REST API Rate Limiting, Caching, and Performance
A REST API that works correctly on day one can fail catastrophically on day 100 when traffic grows. Performance is not an afterthought — it defines the user experience, the server costs, and the resilience of your entire system. This page covers three powerful tools: rate limiting to protect your API from abuse, caching to serve responses faster while reducing server load, and performance patterns that keep your API responsive under pressure.
Part 1: Rate Limiting
What Rate Limiting Does
Rate limiting sets a maximum number of requests a client can make within a defined time window. Think of it like a highway tollbooth — only a fixed number of cars can pass per minute. When the limit is reached, additional requests are held back or rejected until the window resets.
WITHOUT RATE LIMITING:
Normal user: GET /search 10x per minute → Server handles fine
Attacker: GET /search 50,000x per minute → Server crashes
Effect on normal users during an attack:
Error: 503 Service Unavailable (server overwhelmed)
WITH RATE LIMITING:
Normal user: GET /search 10x per minute → ✓ All served
Attacker: GET /search attempt 50,000x → After limit hit:
429 Too Many Requests
Server: Calm. Normal users unaffected.
Rate Limiting Algorithms
Algorithm 1: Fixed Window
Window: 60 seconds | Limit: 100 requests Time 0:00 ──────────────────────────── Time 1:00 Requests: 1, 2, 3, ... 100 → 101st blocked (429) Time 1:00: Counter resets to 0 Requests: 1, 2, 3, ... Problem with Fixed Window: 59:50 → 100 requests (all allowed, limit reached) 1:00:10 → 100 more requests (window reset, all allowed) Result: 200 requests in a 20-second burst at the window boundary! Simple to implement. Not great at preventing bursts.

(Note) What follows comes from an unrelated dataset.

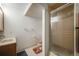 Full basement bathroom featuring a shower stall, tile flooring and an oak vanity at 9926 W Nova Pl, Littleton, CO 80127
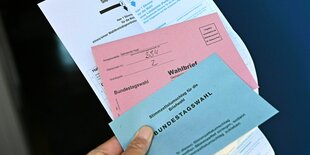 Wahlschein, Stimmzettel in der Hand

Algorithm 2: Sliding Window
Window: 60 seconds | Limit: 100 requests (counts requests in the rolling last 60 seconds, not fixed intervals) At 10:30:45, system counts requests from 10:29:45 onward. At 10:30:46, system counts requests from 10:29:46 onward. The window slides forward continuously. No boundary burst problem. More accurate. Slightly more expensive to compute. Best choice for most APIs.
Algorithm 3: Token Bucket
CONCEPT:
A bucket holds tokens (max: 100 tokens).
Tokens refill at a rate of 10/second.
Each request consumes 1 token.
If bucket is empty → request rejected.
Bucket State Over Time:
Time 0: [100 tokens] ← fully refilled
10 requests arrive: [90 tokens]
1 second passes: [100 tokens] ← refilled (capped at max)
100 requests burst: [0 tokens]
101st request: REJECTED (429)
10 seconds pass: [100 tokens] ← refilled
ADVANTAGE: Allows short bursts of traffic naturally.
Clients can "save up" tokens for busy periods.
USE CASE: APIs where occasional traffic spikes are legitimate.
Algorithm 4: Leaky Bucket
CONCEPT:
Requests enter the bucket from the top (any rate).
Requests leave the bucket (processed) at a fixed rate.
Bucket overflows (requests rejected) when full.
[Client sends] ─────────────────────────────────
100 req/sec → │ BUCKET (capacity: 50) │
│ │
│ ← 10 req/sec processed → │
└───────────────────────────────┘
Overflow (>50 queued) → 429 rejected
ADVANTAGE: Smooths out traffic spikes. No bursts reach the server.
USE CASE: Background processing queues. Payment processors.
What to Rate Limit
RATE LIMIT BY:
IP Address → Default. Catches anonymous abuse.
Drawback: Shared IPs (offices, NAT) affect multiple users.
User/API Key → More precise. Authenticated users get individual quotas.
One user's abuse doesn't affect others.
Endpoint → Different limits per route based on cost and sensitivity.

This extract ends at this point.